Data excerpt:
☆ ☆ ☆ ☆ ☆ ☆ ☆

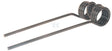 Federzinken, Länge 387mm, breite 110mm, spulen-innendurchmesser 51mm, Kramp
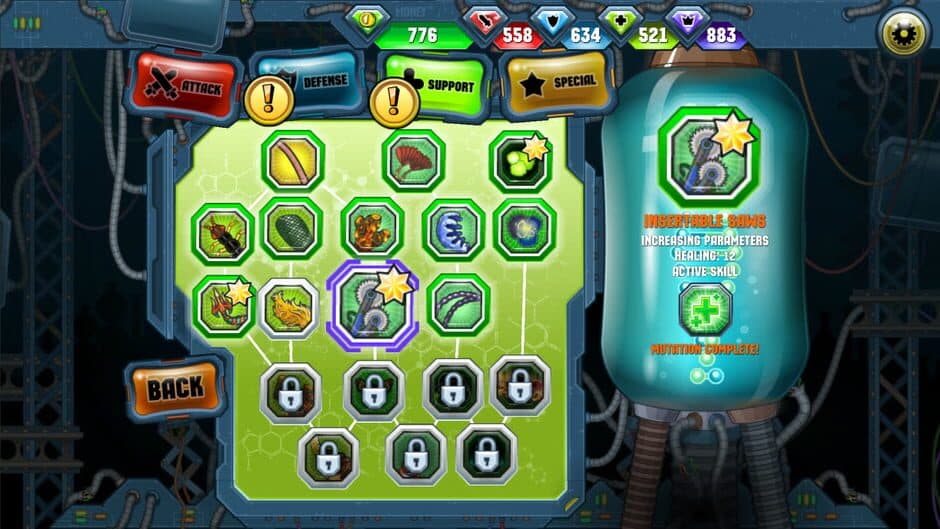 Mutant Fighting Cup 2 screenshot 4
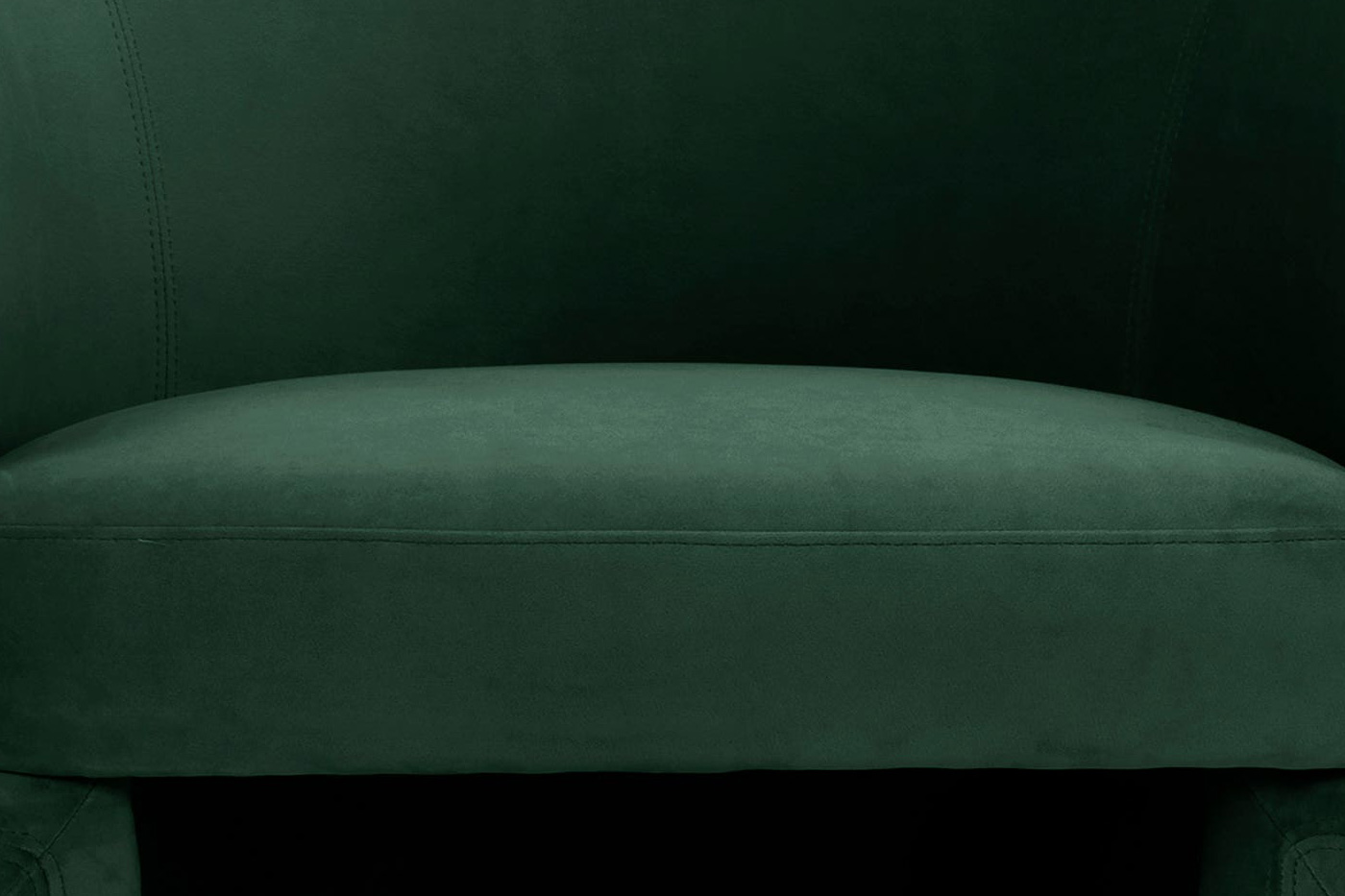 Moe's Franco Chair - Dark Green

☆ ☆ ☆ ☆ ☆ ☆ ☆

Activity: The whole listing above needs to be copied exactly; please keep the pictures out.

Answer box:
 Federzinken, Länge 387mm, breite 110mm, spulen-innendurchmesser 51mm, Kramp
 Mutant Fighting Cup 2 screenshot 4
 Moe's Franco Chair - Dark Green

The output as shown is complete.